Dear Amy: My husband of almost 40 years would like to father a child.
During our first year of marriage, I had a hysterectomy, and so early on we knew I couldn't give birth to a child.
Throughout our marriage (mainly in our younger years), we talked about possible surrogacy, but he always dropped the matter.
Now that we are in our 60s, he is still perplexed and ambivalent, but I feel we are too old to start looking into options again.
I would like to put to rest our conflicting dilemma, but almost feel it could be futile to try, because it's unresolvable.
I realize this is a difficult and sensitive issue, but I need some feedback to help at least put my mind at peace when he continues with his heartfelt frustration.
Amy says: Your husband (and you) might be genuinely perplexed by the persistence of his impulse over the past 40 years to father a child. Of course, many women also wrestle with this desire, but their biology makes giving birth to a child less possible as time passes, and so they have to reckon with the physiological limitations of childbearing, and the reality that it won't happen in later years.
Your husband may also have to accept this reality. But he could in fact father a child, and you two should discuss this seriously. Would he be interested in being a sperm donor for another woman, and would you consider some sort of shared parenting arrangement? If the answer for you is a firm "no," then say so. But talk about it.
His thoughts regarding fathering a child might be increasing in power and frequency as he ages and faces the reality of his mortality. Children can seem like a hedge against death.
Having a child might be unlikely — or unreasonable — but you should still discuss it. Does he feel cheated? Does he resent you for something you didn't ask for and cannot control (your long-ago hysterectomy)? And do you resent him for periodically reminding you of it?
A marriage counselor could help to guide you through this challenging conversation, giving you the tools to discuss this topic without retreating into well-worn positions.
Dear Amy: I am a mental health professional.
People in my social circle are aware of what I do for a living.
Too often when I'm at a social gathering, someone pulls me aside to talk about a personal issue.
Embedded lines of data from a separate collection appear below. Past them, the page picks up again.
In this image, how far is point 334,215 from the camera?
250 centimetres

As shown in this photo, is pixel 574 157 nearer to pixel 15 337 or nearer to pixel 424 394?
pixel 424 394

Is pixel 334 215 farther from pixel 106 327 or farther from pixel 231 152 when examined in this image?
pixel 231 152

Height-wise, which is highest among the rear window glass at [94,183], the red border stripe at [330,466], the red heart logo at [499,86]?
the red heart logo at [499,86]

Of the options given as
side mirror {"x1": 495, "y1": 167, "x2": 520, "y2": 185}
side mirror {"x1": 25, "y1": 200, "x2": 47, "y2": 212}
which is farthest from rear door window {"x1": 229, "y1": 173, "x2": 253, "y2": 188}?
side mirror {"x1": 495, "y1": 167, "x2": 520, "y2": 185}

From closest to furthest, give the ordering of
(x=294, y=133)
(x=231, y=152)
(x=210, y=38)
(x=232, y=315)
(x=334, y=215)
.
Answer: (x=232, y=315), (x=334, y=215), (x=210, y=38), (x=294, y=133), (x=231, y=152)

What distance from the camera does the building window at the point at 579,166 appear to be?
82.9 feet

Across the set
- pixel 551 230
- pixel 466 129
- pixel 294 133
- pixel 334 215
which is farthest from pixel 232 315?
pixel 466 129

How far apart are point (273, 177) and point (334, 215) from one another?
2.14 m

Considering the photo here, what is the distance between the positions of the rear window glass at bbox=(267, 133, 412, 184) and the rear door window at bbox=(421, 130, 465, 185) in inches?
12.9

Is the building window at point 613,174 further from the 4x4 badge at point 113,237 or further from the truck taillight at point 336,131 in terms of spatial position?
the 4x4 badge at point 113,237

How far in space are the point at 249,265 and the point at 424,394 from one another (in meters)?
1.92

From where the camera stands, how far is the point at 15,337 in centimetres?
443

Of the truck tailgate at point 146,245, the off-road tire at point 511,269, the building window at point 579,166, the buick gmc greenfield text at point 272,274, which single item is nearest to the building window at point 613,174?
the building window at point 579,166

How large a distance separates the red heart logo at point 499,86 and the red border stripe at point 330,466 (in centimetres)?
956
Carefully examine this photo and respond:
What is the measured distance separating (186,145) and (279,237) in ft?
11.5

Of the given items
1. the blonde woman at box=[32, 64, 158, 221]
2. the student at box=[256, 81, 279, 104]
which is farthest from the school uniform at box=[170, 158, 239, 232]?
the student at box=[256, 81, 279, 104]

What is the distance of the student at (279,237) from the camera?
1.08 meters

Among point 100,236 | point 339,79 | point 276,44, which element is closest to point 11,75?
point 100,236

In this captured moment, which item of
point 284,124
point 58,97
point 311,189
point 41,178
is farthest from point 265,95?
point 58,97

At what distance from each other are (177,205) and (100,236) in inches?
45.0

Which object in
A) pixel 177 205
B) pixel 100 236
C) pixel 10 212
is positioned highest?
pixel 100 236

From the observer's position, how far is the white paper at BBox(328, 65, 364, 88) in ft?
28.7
That person is hijacking my social time to obtain counseling.
I'm sure this happens with other professions, but whereas a lawyer or doctor can say, "Why don't you come see me at the office," mental health practitioners are not allowed to have dual relationships (our friends or acquaintances cannot be also our clients).
What's a polite and clear way to set a boundary and explain that this is my social time, and I don't want to be burdened with someone's issue?
Amy says: Presumably, you entered this profession (at least in part) to help people. Remember that as you wrestle with this. You are burdened in this way because people trust you.
One way to help people who approach you outside the office is to respond with compassion, and offer a resource in lieu of an extended conversation. Then you should establish a boundary. For instance:
She: I'm so worried about Chad. I think he's depressed.
You: I'm so sorry to hear that. I can't help with this, but I can give you or him a referral if you want. Here's my card.
She: But what can I do if he won't get help?